→ REQUIRED ACTION:
Could you repeat the entries below exactly, but only from the line with "10.226.193.006-DGS-1510-28XMP - Traffic" through the line with "Ảnh 4. Trận", and without any picture?

→ RAW DATA:
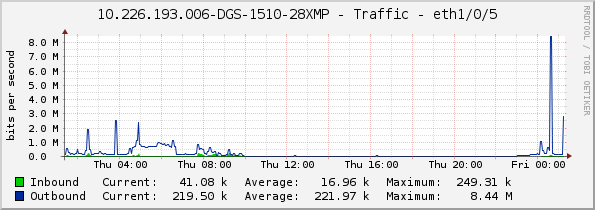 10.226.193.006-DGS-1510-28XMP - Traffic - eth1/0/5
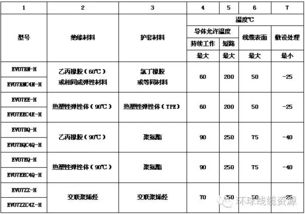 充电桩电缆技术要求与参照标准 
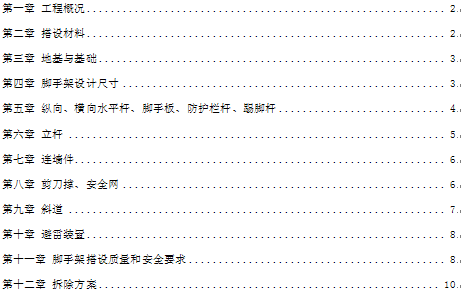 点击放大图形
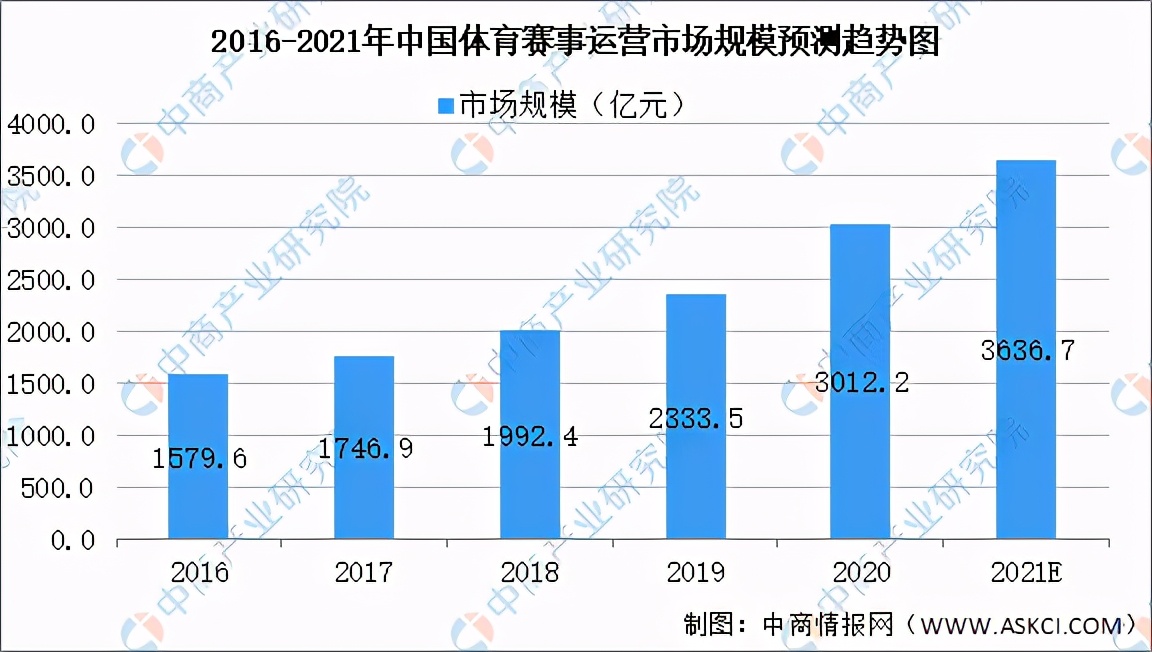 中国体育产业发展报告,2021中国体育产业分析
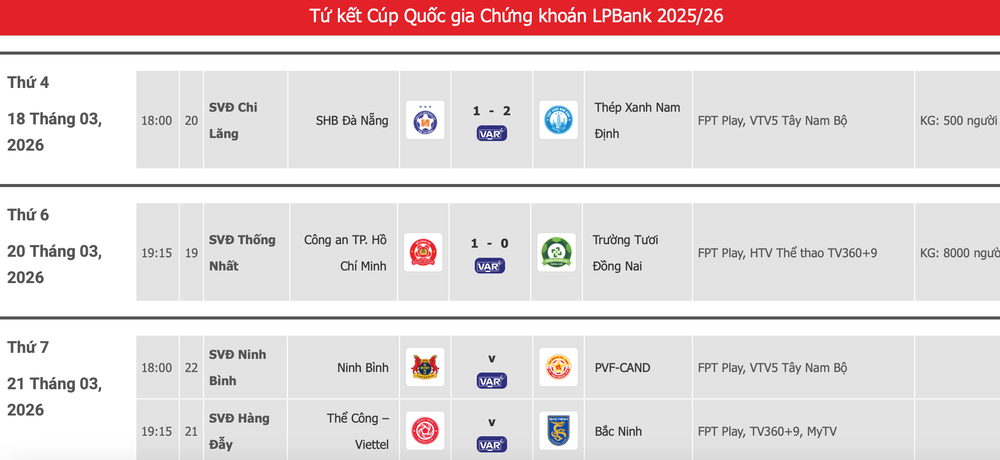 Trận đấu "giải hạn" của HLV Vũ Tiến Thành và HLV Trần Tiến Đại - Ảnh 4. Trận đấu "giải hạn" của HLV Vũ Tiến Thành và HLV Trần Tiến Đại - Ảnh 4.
---
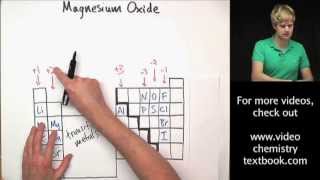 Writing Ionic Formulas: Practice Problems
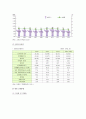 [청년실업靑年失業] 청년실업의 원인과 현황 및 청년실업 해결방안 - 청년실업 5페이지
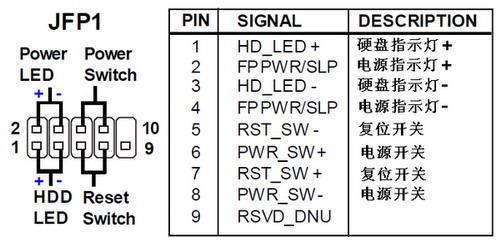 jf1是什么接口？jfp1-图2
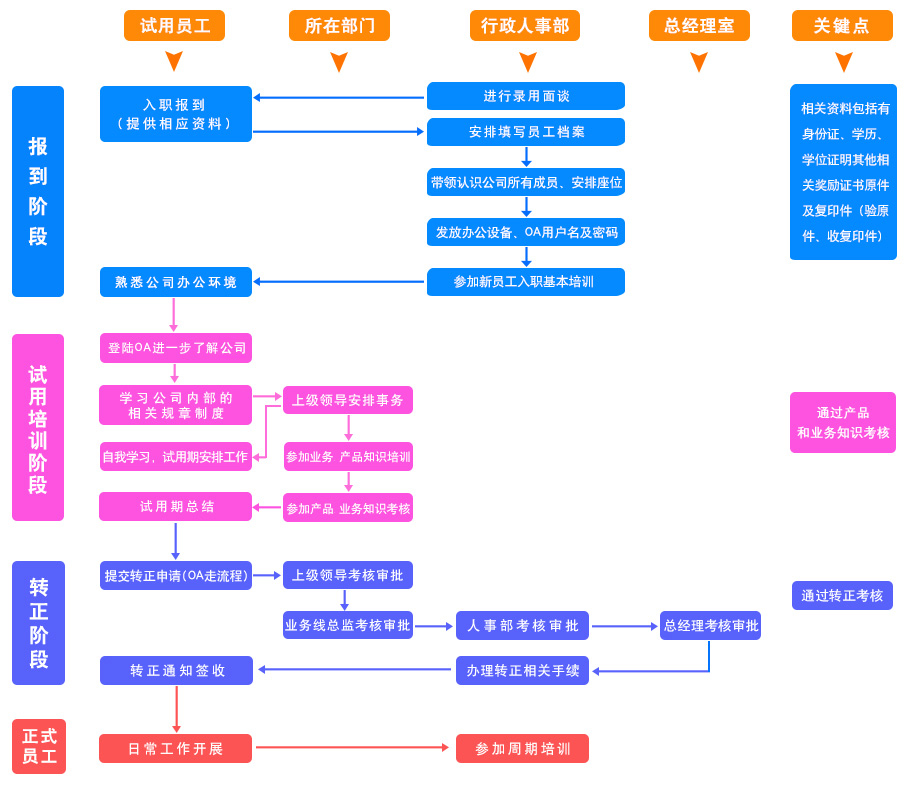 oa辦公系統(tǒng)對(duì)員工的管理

→ TASK RESULT:
 10.226.193.006-DGS-1510-28XMP - Traffic - eth1/0/5
 充电桩电缆技术要求与参照标准 
 点击放大图形
 中国体育产业发展报告,2021中国体育产业分析
 Trận đấu "giải hạn" của HLV Vũ Tiến Thành và HLV Trần Tiến Đại - Ảnh 4. Trận đấu "giải hạn" của HLV Vũ Tiến Thành và HLV Trần Tiến Đại - Ảnh 4.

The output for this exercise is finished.